◆ WHAT YOU NEED TO DO:
Would you retype exactly the lines from the one holding "Completed Harcourt Exteriors" through the last line of the listing, and only those, without pictures?

◆ DATA SHOWN:
■ ■ ■ ■ ■ ■ ■
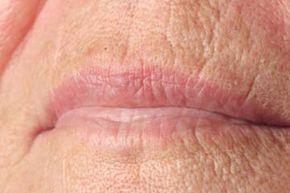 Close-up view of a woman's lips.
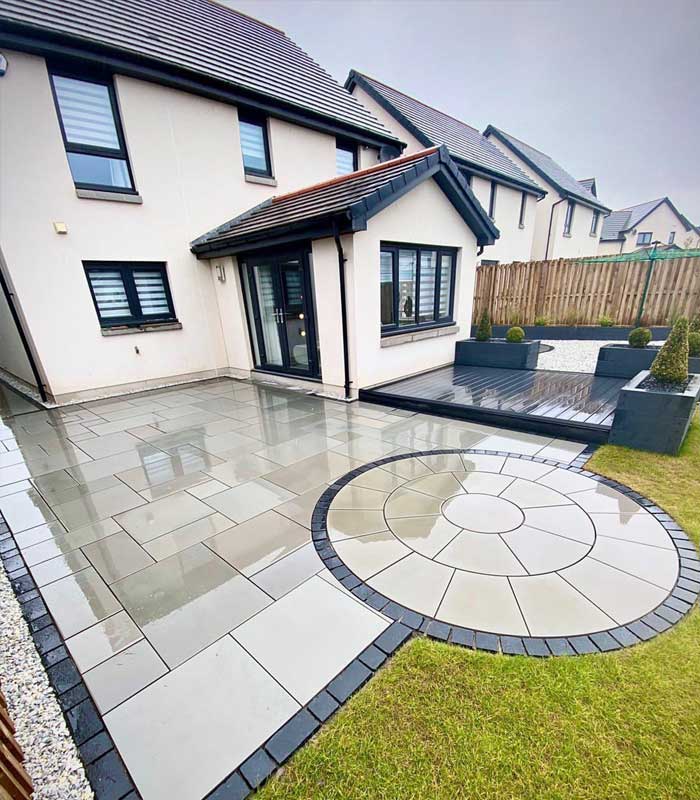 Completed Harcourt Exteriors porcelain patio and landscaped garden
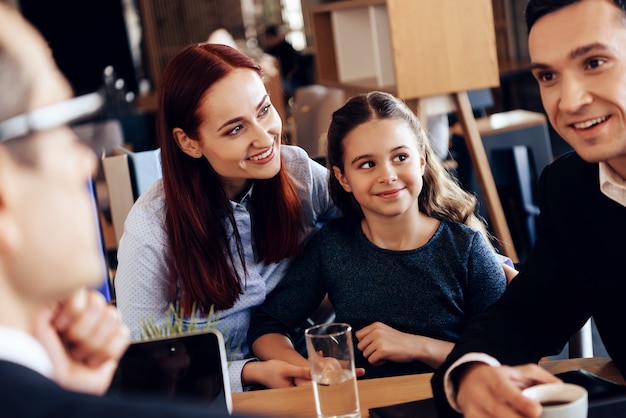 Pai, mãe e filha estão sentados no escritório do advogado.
■ ■ ■ ■ ■ ■ ■
◆ PROBLEM SOLUTION:
 Completed Harcourt Exteriors porcelain patio and landscaped garden
 Pai, mãe e filha estão sentados no escritório do advogado.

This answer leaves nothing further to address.